The financial industry is long overdue for a technological transformation. Most financial services companies are still relying on tools that are weighed down with archaic complexity and they’re losing their way in today’s fast-changing landscape, which is full of new customer expectations and potential security threats.
Mobility today is changing the dynamics of common practices, and financial institutions need to modernize their networks to keep up with this reality. This entails strengthening the capacity to deliver transaction data securely through the network into a traditional payment infrastructure – the network plays a critical role in this process.
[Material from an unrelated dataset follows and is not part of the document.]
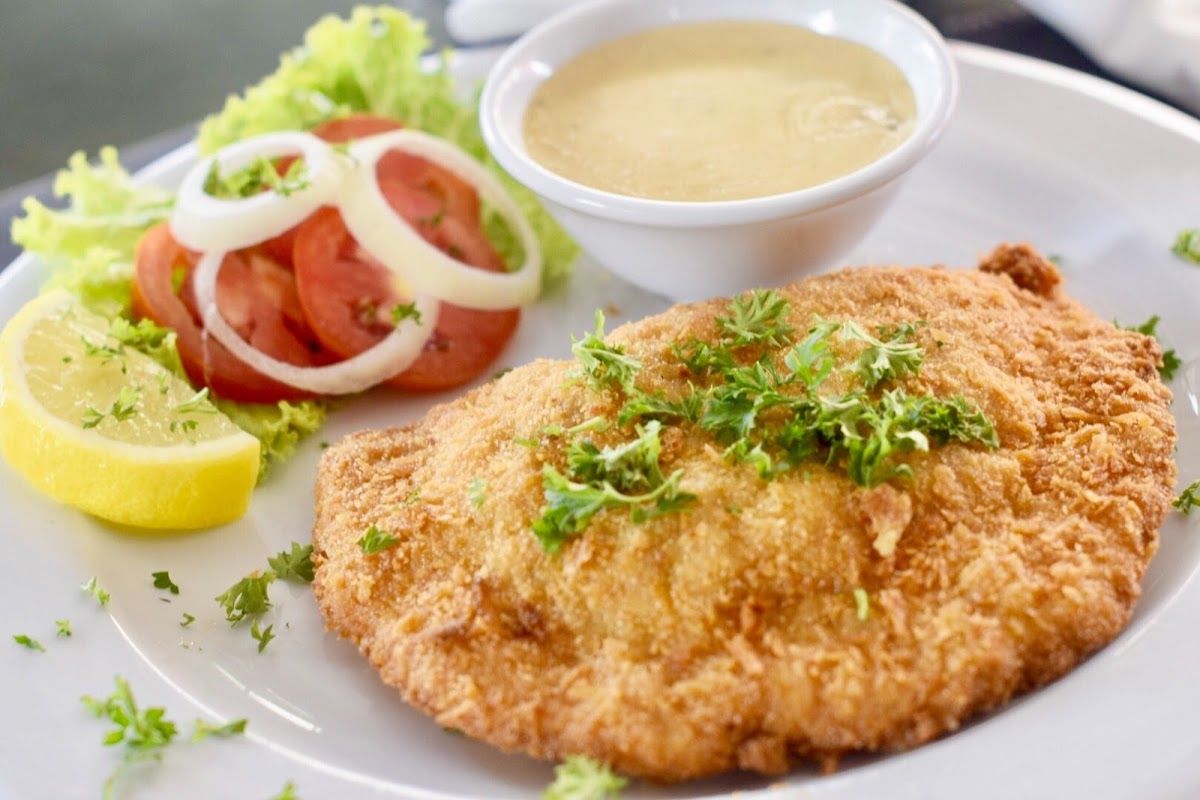 Harry’s Hotel Bar & Restaurant facilities in Central Pattaya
Banks have to ensure their networks are modernized and able to deliver.
To better illustrate this, consider the top four technologies that made the biggest impact in 2015. According to 51 leaders who responded to the second annual Envestnet® | Yodlee® Global Fintech Influencer Survey, these technologies include: payment technology, data analytics, authentication & security, and blockchain.
A closer look at each of these technologies tells us how they’re reshaping what it takes to modernize financial industry IT networks.
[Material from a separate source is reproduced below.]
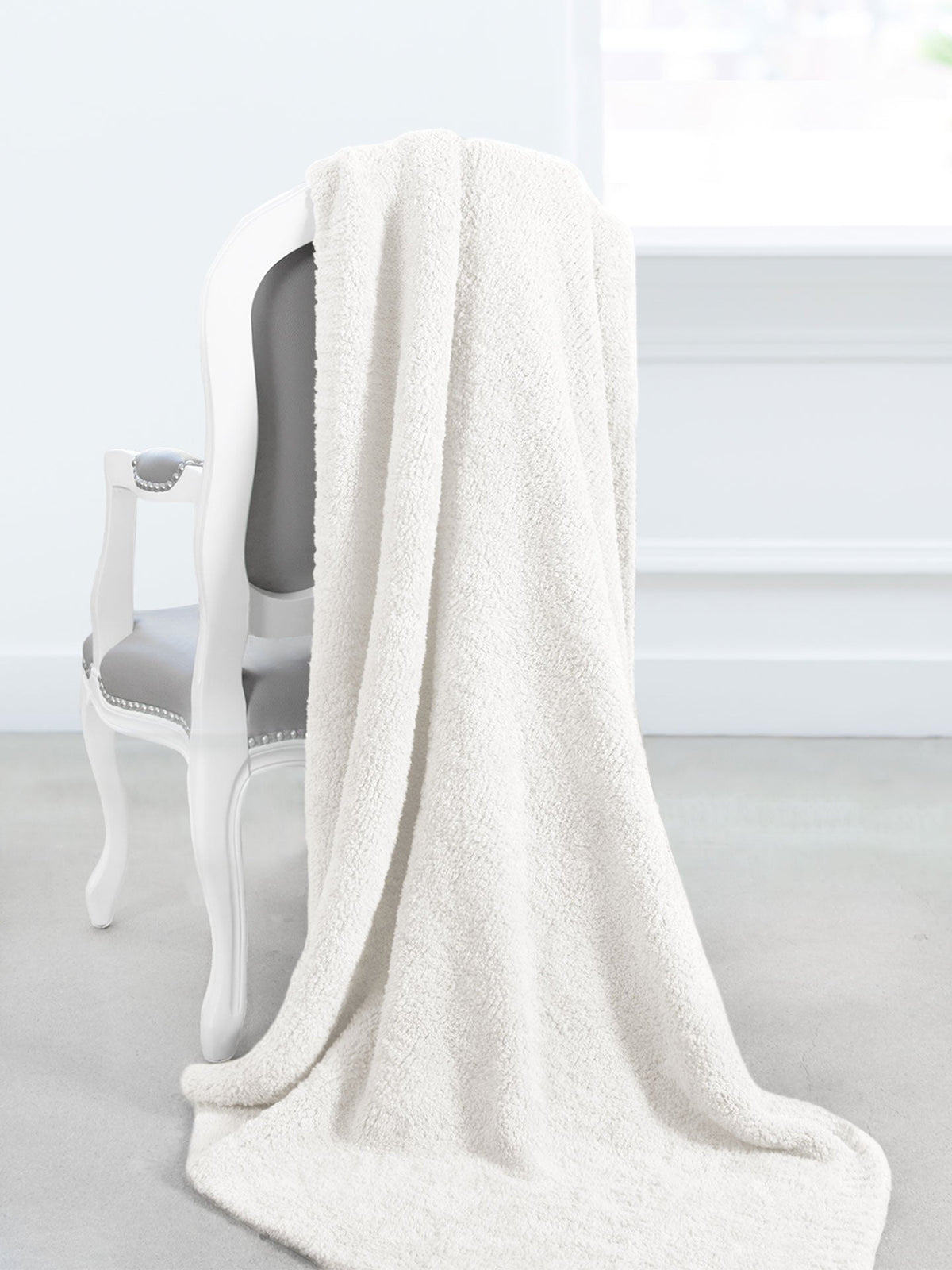 Plush Chenille Knit™ Throw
Payment technology. It’s easier these days to purchase a cup of Starbucks coffee with a smartphone app than it is to do something as fundamental as pay a mortgage, credit card, or utility bill.
That’s partly because new innovations (many of them focused on the customer experience) coming from the outside are running into roadblocks when they interface with older, legacy back-end systems. Those back-end systems have yet to catch up with the front-end customer experience.
That’s both a technological and a branding problem. I like that I’ve used the same bank for my personal accounts for more than 25 years. But younger consumers don’t care as much about their relationship with the institution as they do with the user experience. Even without brand loyalty, the younger generation has shown they will switch instantly if they think the experience is better elsewhere. Financial services companies have to be able to respond by delivering the type of experience these users want while staying true to the brands they’ve worked so hard to create.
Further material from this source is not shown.